Lors de l’examen du volet « jeunesse et vie associative » du budget le 16 janvier dernier, les sénateurs ont ainsi adopté la copie du gouvernement qui prévoit de doter l’Agence du service civique de 600 millions d’euros. Un montant qui permet la conclusion de 150 000 contrats de jeunes en service civique, comme en 2024.
Deux semaines après l’examen de la mission par la chambre haute, le rapporteur spécial des crédits pour la commission des finances, Éric Jeansannetas, ne comprend pas l’annonce de la suspension des contrats. « L’Etat n’est pas au rendez-vous vis-à-vis de sa jeunesse ! », dénonce le sénateur socialiste. Une décision d’autant plus difficile à entendre que l’adoption d’une loi spéciale fin décembre dernier permet déjà de préserver les moyens alloués à l’agence en 2024, soit plus de 518 millions d’euros.
« C’est une annonce politique, on cherche à affoler les gens »
Maintenu à son niveau de 2024, le budget de l’Agence du service civique pourrait même connaître une hausse de 15 % dès cette semaine, avec le vote du budget 2025. En effet, le dénouement sur le texte semble proche : ce 3 février, le Premier ministre a déclenché l’article 49.3 à l’Assemblée nationale, permettant l’adoption du projet de loi de finances sans vote. Si la motion de censure déposée par La France insoumise, examinée en milieu de semaine, ne recueille pas la majorité des suffrages des députés, le texte sera alors considéré comme adopté à l’Assemblée.

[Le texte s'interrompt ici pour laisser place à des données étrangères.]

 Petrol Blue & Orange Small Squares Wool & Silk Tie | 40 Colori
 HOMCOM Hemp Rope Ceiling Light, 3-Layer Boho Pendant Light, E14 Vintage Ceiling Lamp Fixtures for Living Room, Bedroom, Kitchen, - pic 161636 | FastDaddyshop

Au Sénat, son vote le 6 février devrait être une formalité.
Pour Éric Jeansannetas, cette nouvelle brutale a donc tout de l’ « instrumentalisation » : « J’ai le sentiment que cette annonce, qui choque l’opinion publique, est faite pour prouver que la censure du gouvernement n’est pas opportune. C’est de la manipulation, on prend en otage le dispositif, nos jeunes et nos associations, pour un argument qui n’est pas recevable ! »
La suspension du dispositif ne serait-elle qu’un moyen de pression, pour prouver les conséquences concrètes d’une absence de budget pour 2025 et éviter le vote d’une nouvelle motion de censure ? Comme son collègue socialiste, le sénateur Les Républicains Cédric Vial fait cette analyse : « C’est une annonce politique, on cherche à affoler les gens pour rien. Le vote de la loi spéciale permet à l’Agence du service civique de fonctionner pendant plus de deux mois. D’ailleurs, la grande majorité des jeunes en service civique débutent leur mission en début d’année scolaire, pas au mois de février. »
Ce 3 février, au micro de RTL, la ministre des Comptes publics a confirmé que tous les jeunes engagés pourront honorer leur contrat, une fois le projet de loi de finances adopté. « Je peux garantir que si ce budget passe, si la France peut repartir, elle repartira aussi pour le service civique », a assuré Amélie de Montchalin.